APPLICATION PROGRAMMING MODEL

2.5MEMORY ALIGNMENT

Memory alignment requirements on VEX-encoded instruction differ from non-VEX- encoded instructions. Memory alignment applies to non-VEX-encoded SIMD instructions in three categories:

Explicitly-aligned SIMD load and store instructions accessing 16 bytes of memory (e.g. MOVAPD, MOVAPS, MOVDQA, etc.). These instructions always require memory address to be aligned on 16-byte boundary.

Explicitly-unaligned SIMD load and store instructions accessing 16 bytes or less of data from memory (e.g. MOVUPD, MOVUPS, MOVDQU, MOVQ, MOVD, etc.). These instructions do not require memory address to be aligned on 16-byte boundary.

The vast majority of arithmetic and data processing instructions in legacy SSE instructions (non-VEX-encoded SIMD instructions) support memory access semantics. When these instructions access 16 bytes of data from memory, the memory address must be aligned on 16-byte boundary.

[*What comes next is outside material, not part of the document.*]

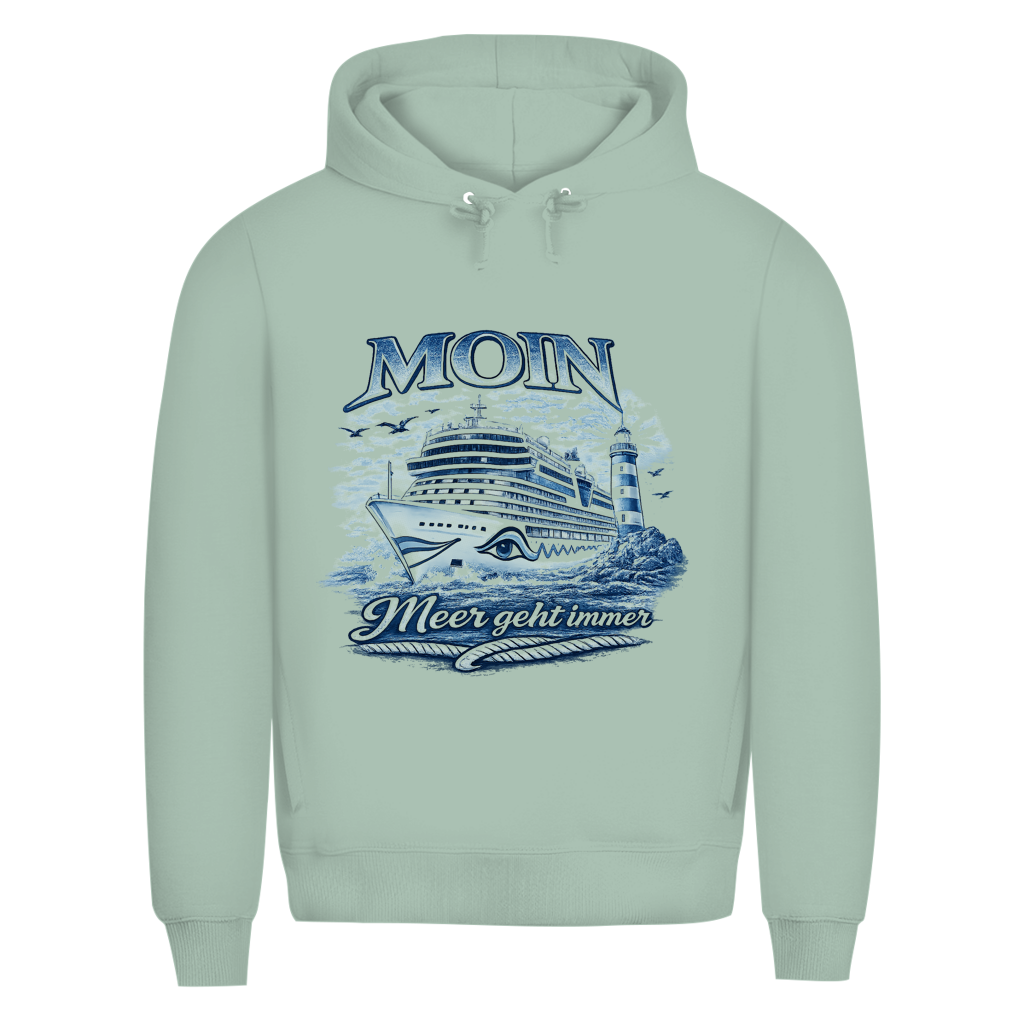 Hoodie Herren   Kreuzfahrt / Cruise #901 - einseitiger Druck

Most arithmetic and data processing instructions encoded using the VEX prefix and performing memory accesses have more flexible memory alignment requirements than instructions that are encoded without the VEX prefix. Specifically,

With the exception of explicitly aligned 16 or 32 byte SIMD load/store instructions, most VEX-encoded, arithmetic and data processing instructions operate in a flexible environment regarding memory address alignment, i.e. VEX-encoded instruction with 32-byte or 16-byte load semantics will support unaligned load operation by default. Memory arguments for most instructions with VEX prefix operate normally without causing #GP(0) on any byte-granularity alignment (unlike Legacy SSE instructions). The instructions that require explicit memory alignment requirements are listed in Table 2-4.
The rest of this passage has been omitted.